How Islington man became a trigger-happy Prime Minister

Five wars in five years: why is Blair so bellicose? Because his vision of "international community"

By John Kampfner

Cast your mind back to the Labour conference of 1997. Tony Blair had been given two nicknames by a party that held him in awe and affection – Kim Il Sung and Bambi. The new Prime Minister assured the faithful he was neither of the above. He was a regular guy whose policies were determined by the need to do the right thing. He was not a narrow ideologue, he was a pragmatist – but his actions were guided by a firm moral compass. This moral compass has taken him to Iraq, Kosovo, Sierra Leone, Afghanistan and now back to Iraq.

What is it about this Islington family man who used to take his kids on Saturday morning to swimming lessons, that he needs to commit British forces to military action for the fifth time in as many years? No prime minister in modern times comes close to that record.

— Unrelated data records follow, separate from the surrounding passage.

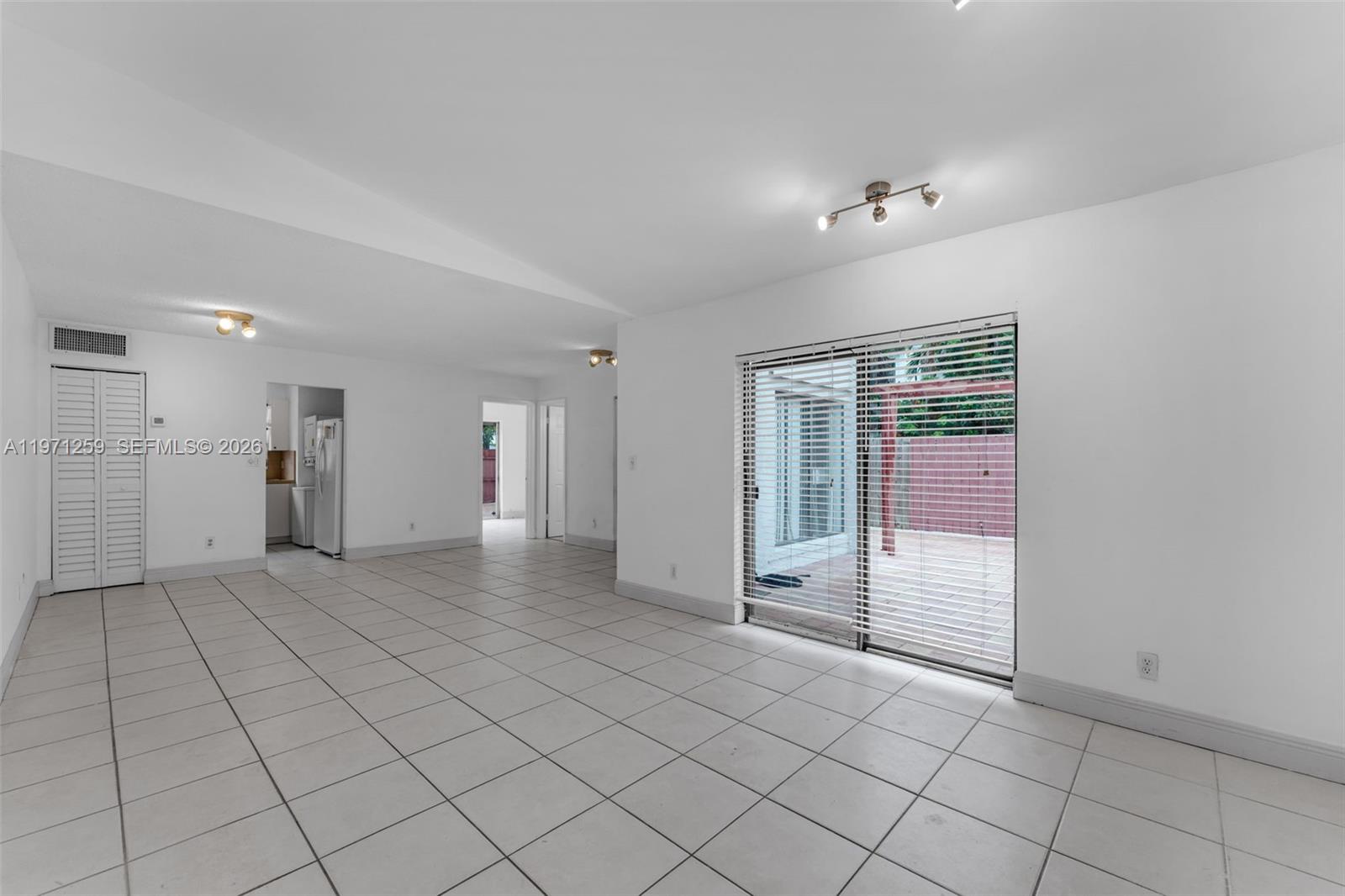 10915 Southwest 71st Street Miami, FL 33173 - Photo 8 of 33 an empty room with entrance and windows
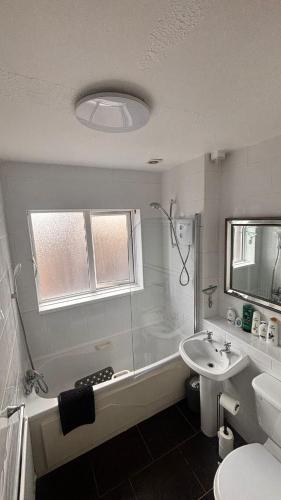 a bathroom with a tub and a sink and a toilet at Cardinal Court , Wilton 3BR Beside CUH Hospital in Cork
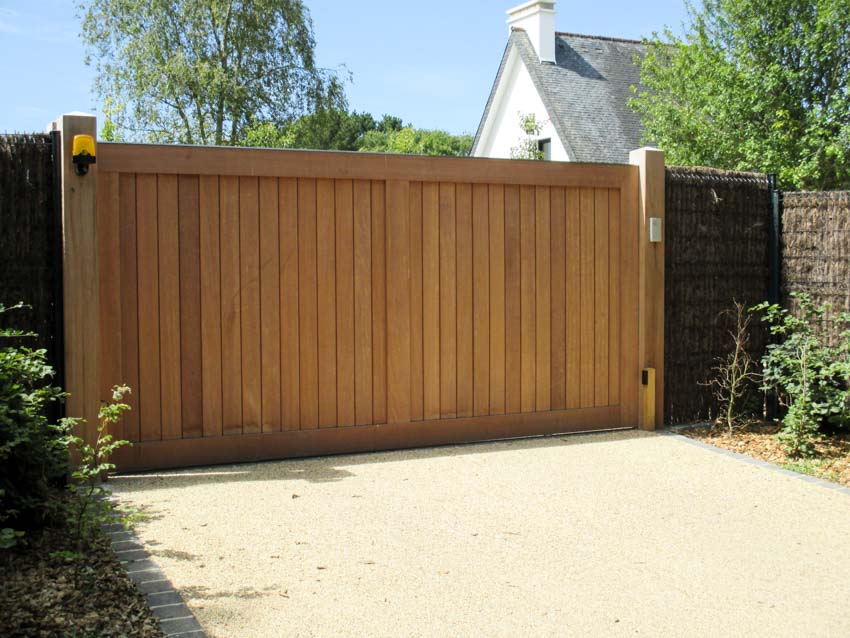 House exterior with sliding garden gate made of wood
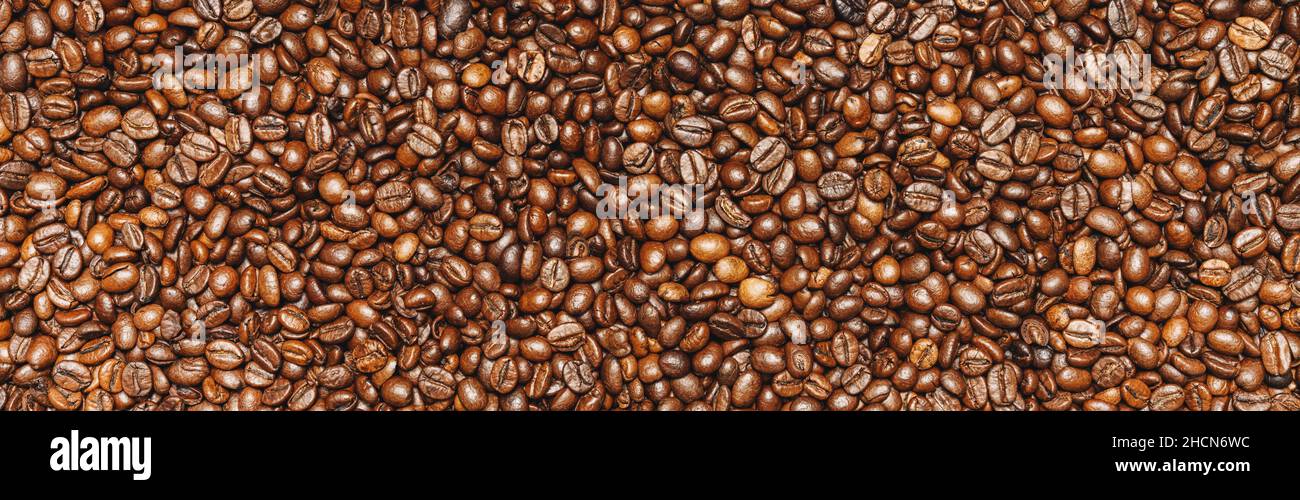 Geröstete Kaffeebohnen Hintergrund Textur oder Hintergrund, Bannergröße Stockfoto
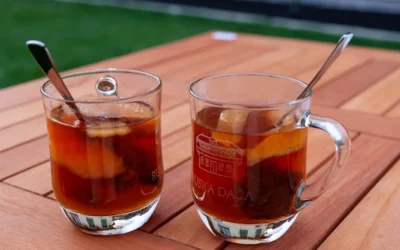 clear glass mug with brown liquid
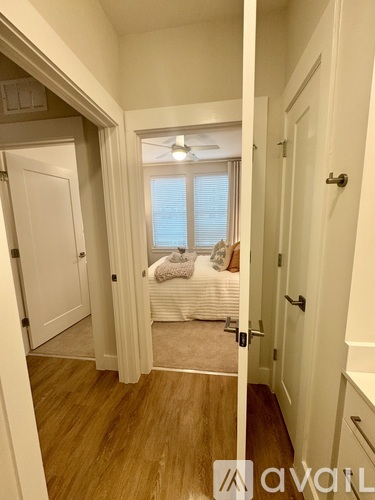 A hallway with a bedroom at the end.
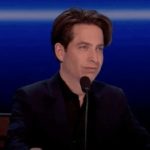 Man speaking into a microphone against a blue backdrop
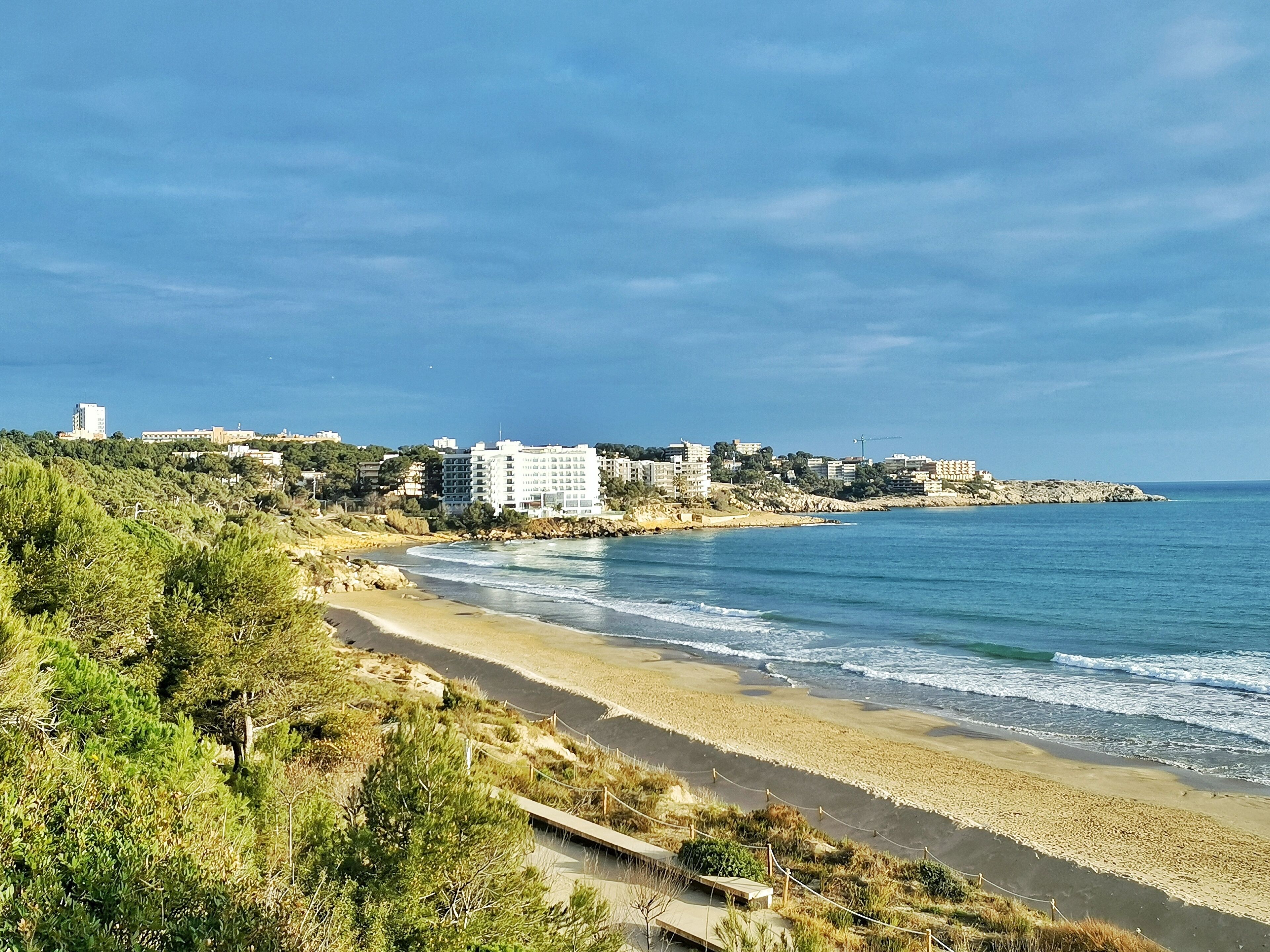 Une vue sur la côte, avec une plage, des bâtiments et un ciel dégagé.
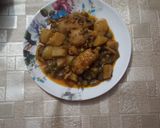 A picture of step 8 of ALU Matar Chicken.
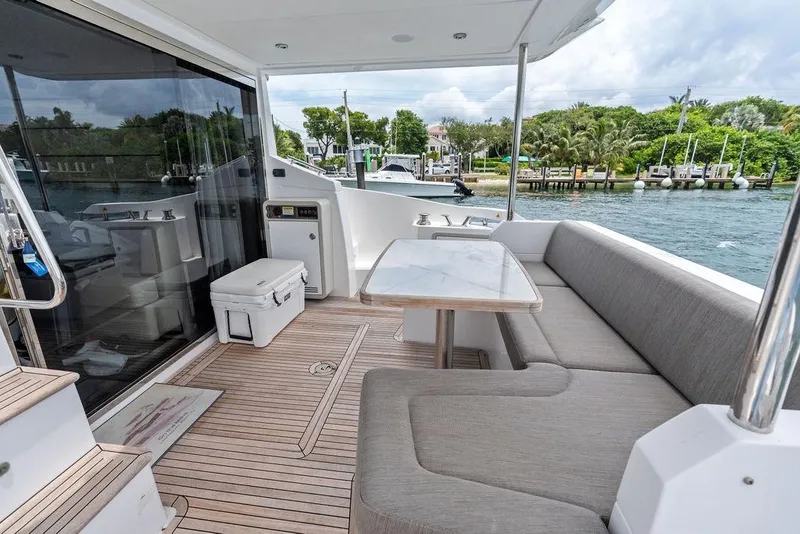 Slide: The Image of Luxurious 2022 Azimut Fly 50 yacht deck with seating, table, and scenic waterfront view. - 13
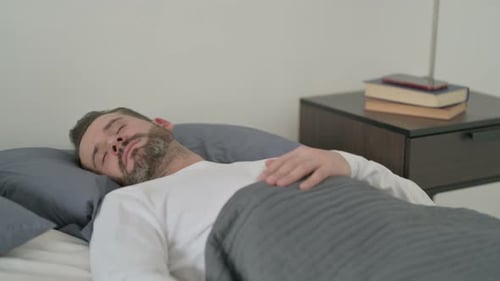 Homme se réveillant d'un cauchemar au lit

As mission co-pilot, Blair is locked on to a target. On one level he is comfortable. He wants to rid Saddam Hussein of his weapons of mass destruction and believes that time has all but run out to do it peacefully. He believes Britain has no choice but to be America’s closest friend and ally, and is prepared to subjugate most other considerations to achieve that end.

And yet, on another level, he is alarmed. This is not where he wants to be. Mocked by a TV audience as “Mr Vice-President”, increasingly unpopular in the polls, Blair knows he has singularly failed to get his message across of the need for war. These next few days will be crucial for the conflict in Iraq and personally for him. He is desperate for a second UN resolution – any will do – giving a fresh mandate for action against Iraq and taking some of the edge off public hostility to war. George Bush now says he doesn’t mind having one, but is not prepared to let the UN inspectors hang around and let the French, Germans and Russians tie his hands. But the moment Blair hoped would never come may fast be approaching: when he is forced to commit himself to a war that the UN hasn’t sanctioned, that much of Europe resists and that his party and people do not want.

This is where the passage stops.